Open JrtPec opened 8 years ago
Tmpo blocks consist of gzipped json. So why not just put the tmpo blocks directly on the wire and offload the CSV conversion work to the browser? With proper HTTP encoding set, the browser will take care of inflating the gzip.
We could do it that way, but you could only download raw data that way, right? So people would have to convert epoch timestamps, interpolate data, resample it... while the exact purpose of the csv-download page was to enable non-programmers to import data into excel or something and experiment on their own. I don't know if raw data would be very useful for these people...
I'm going to try and write a generator that creates small dataframes and streams them, like this
@JrtPec we discussed this last meeting. What is the status now that our droplet has more memory and swap?
It seems to be much better, but I can still crash the site when selecting a large time period. We could put a cap on the time period, or figure out some clever way to call tmpo in chunks and stream the csv in blocks.
Yesterday we succeeded in getting CSV's to generate from TMPO live on the website and send them to the browser. We however noticed that each request uses some memory and fails to free it afterwards. After a few requests the server unavoidably crashes.

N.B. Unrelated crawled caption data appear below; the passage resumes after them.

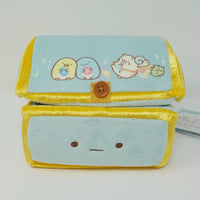 2020 Treasure Chest Plush Playset  - Mogura's House Theme Sumikkogurashi Collection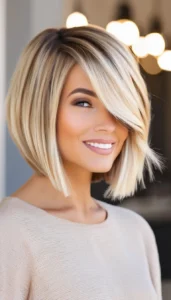 25 Short Blonde Hairstyles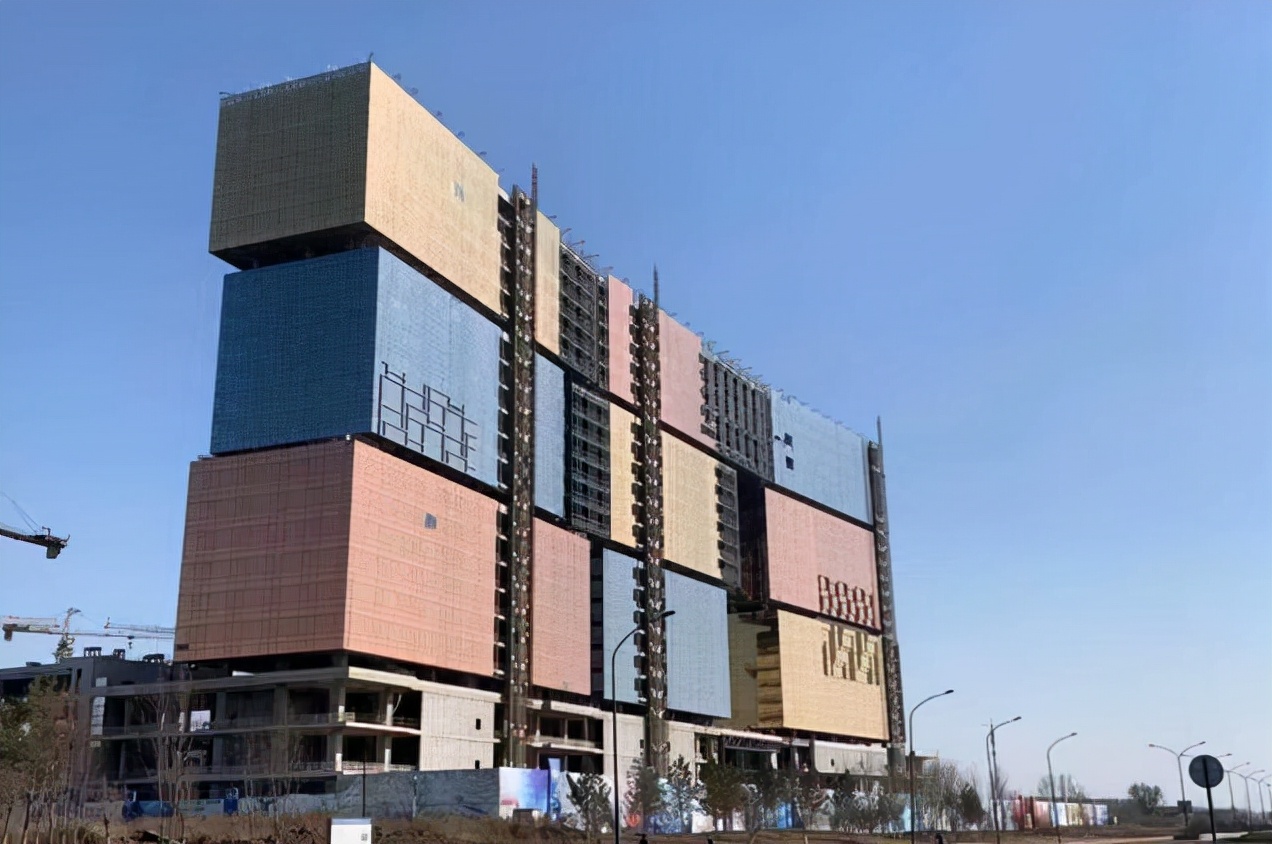 长春集装箱烂尾楼,长春集装箱式建筑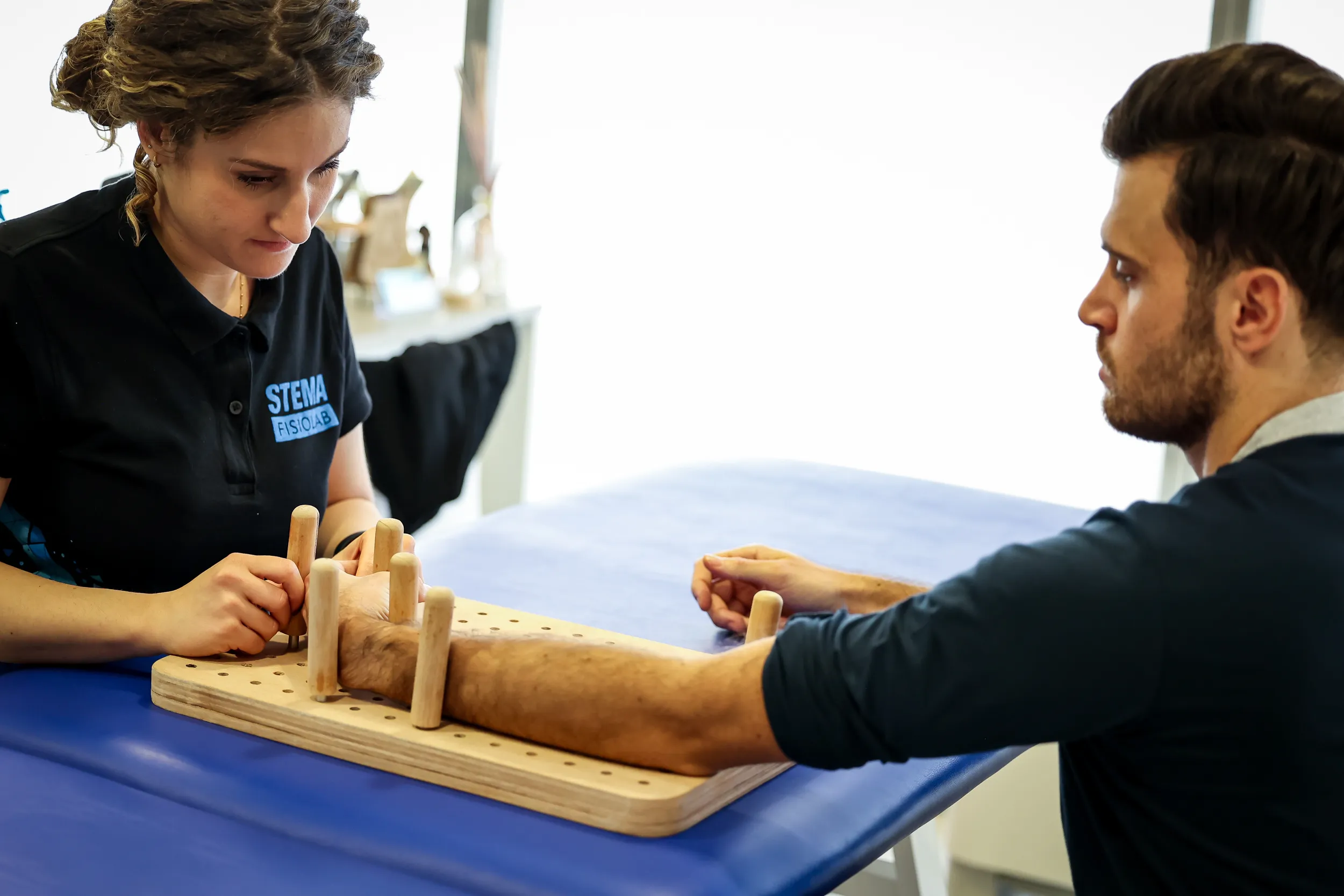Post-Intervento & Post-Protesi - servizio di Stema Fisiolab a Latina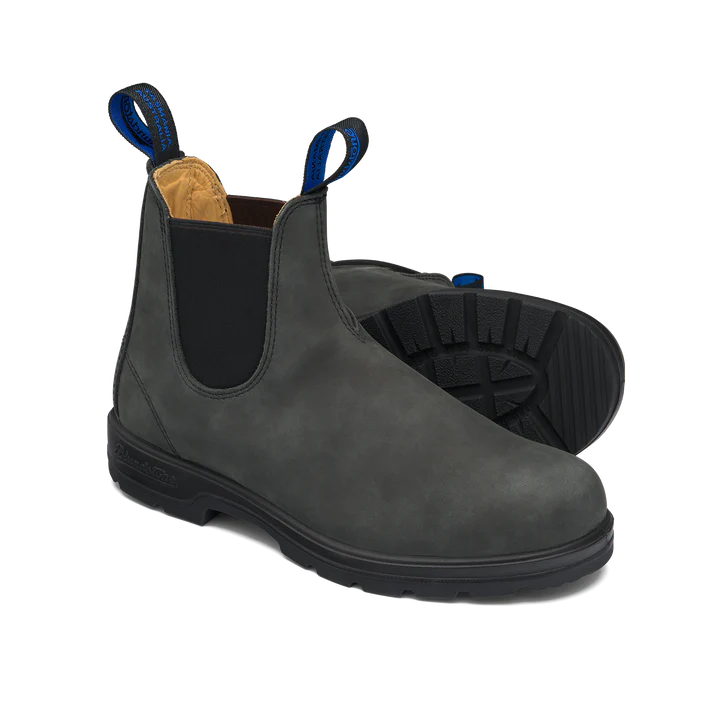 BLUNDSTONE 1478 WINTER THERMAL RUSTIC BLACK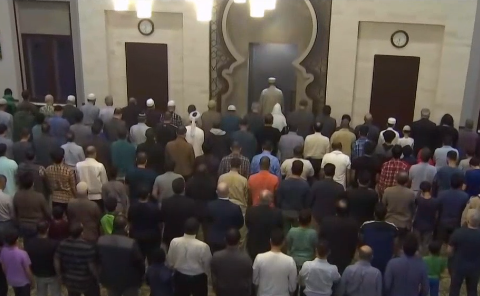 Virginia mosque holds vigil in honor of New Zealand victims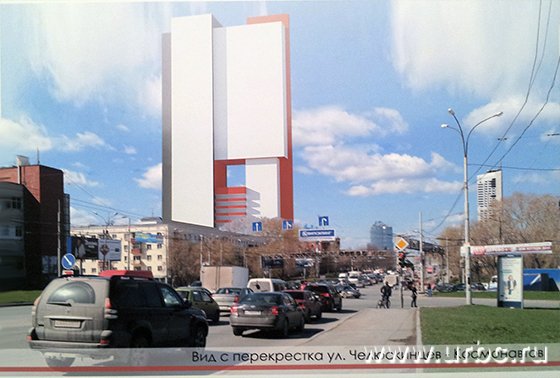 Градсовет Екатеринбурга одобрил проект застройки мельницы Борчанинова-Первушина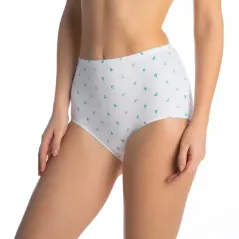 FIGI DAMSKIE BAWEŁNIANE LAMA MANUELA 5 SZT. ROZMIAR XL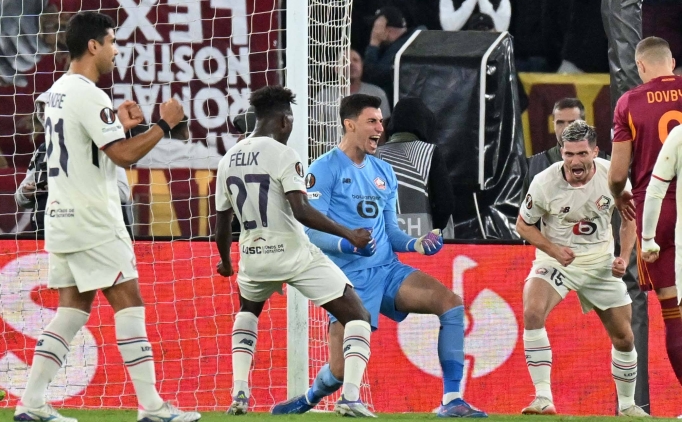 Berke �zer: 'Sevgilime s�z verdim, gol yemedim!'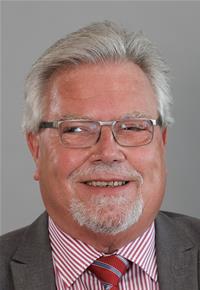 Profile image for County Councillor Mike Goulthorp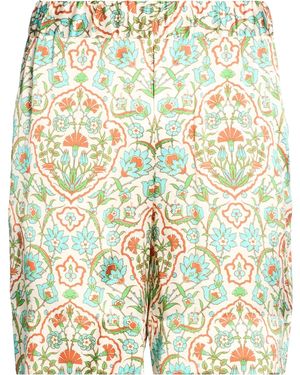 Pantamolle Shorts & Bermuda Shorts - Yellow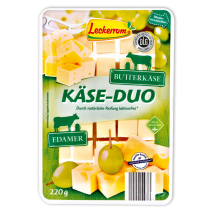 Käse-Duo
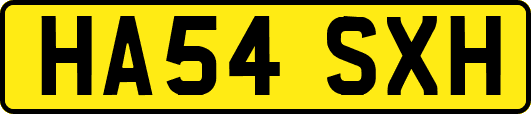 HA54SXH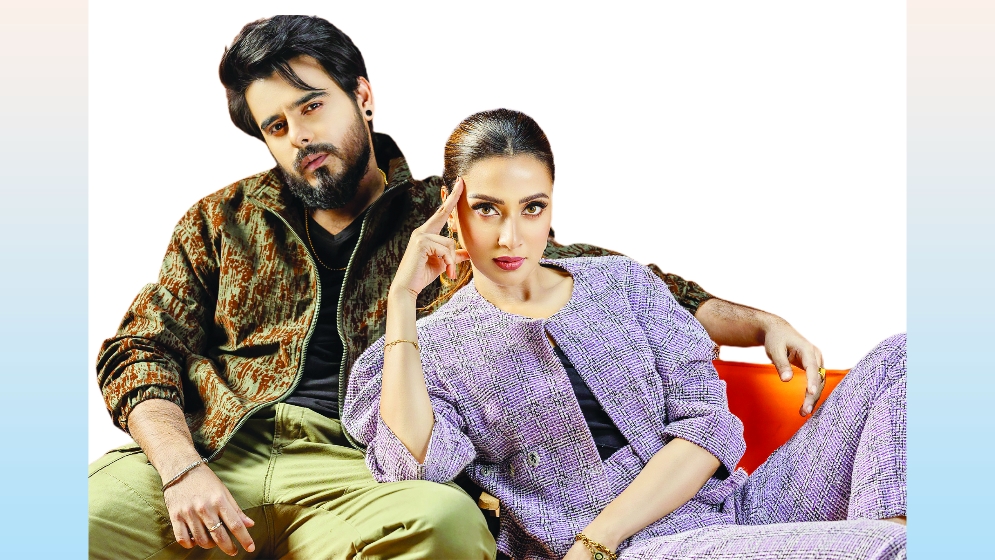 ফ্যাশন ব্র্যান্ডের শুভেচ্ছাদূত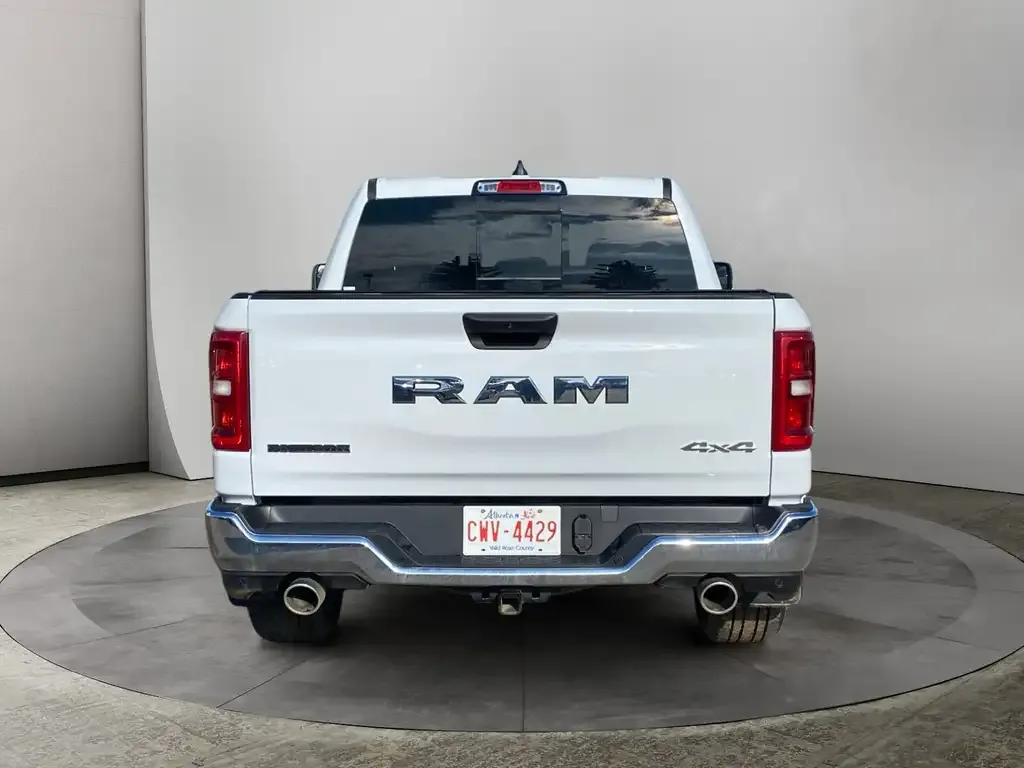 Ram 1500 2026 photo 4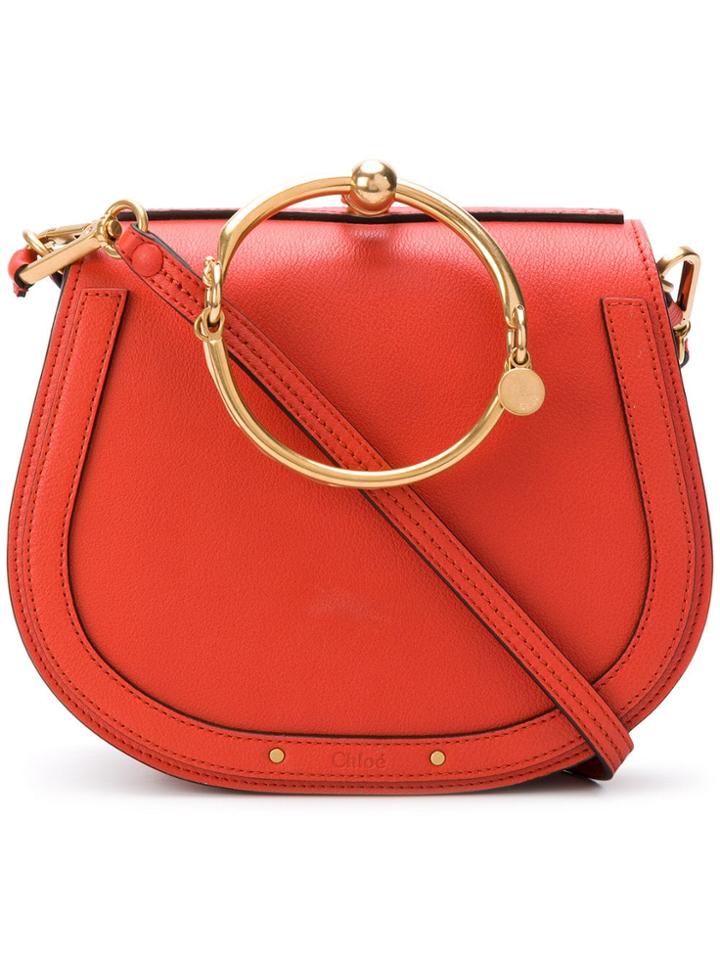 Chloé Nile Small Bag - Yellow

We have tried following things to reduce memory load and free it up after the request, however none have really worked.
app.use_x_sendfile = True
, to have nginx serve the file directly instead of the app. (I did not thoroughly test this, not sure of its effect)del df
import gc; gc.collect()
(link)Does anybody have other ideas we could try? The download page is live, but hidden under opengrid.be/download. The status quo is that it does work, however after a few runs it will crash the server, which then immediately restarts.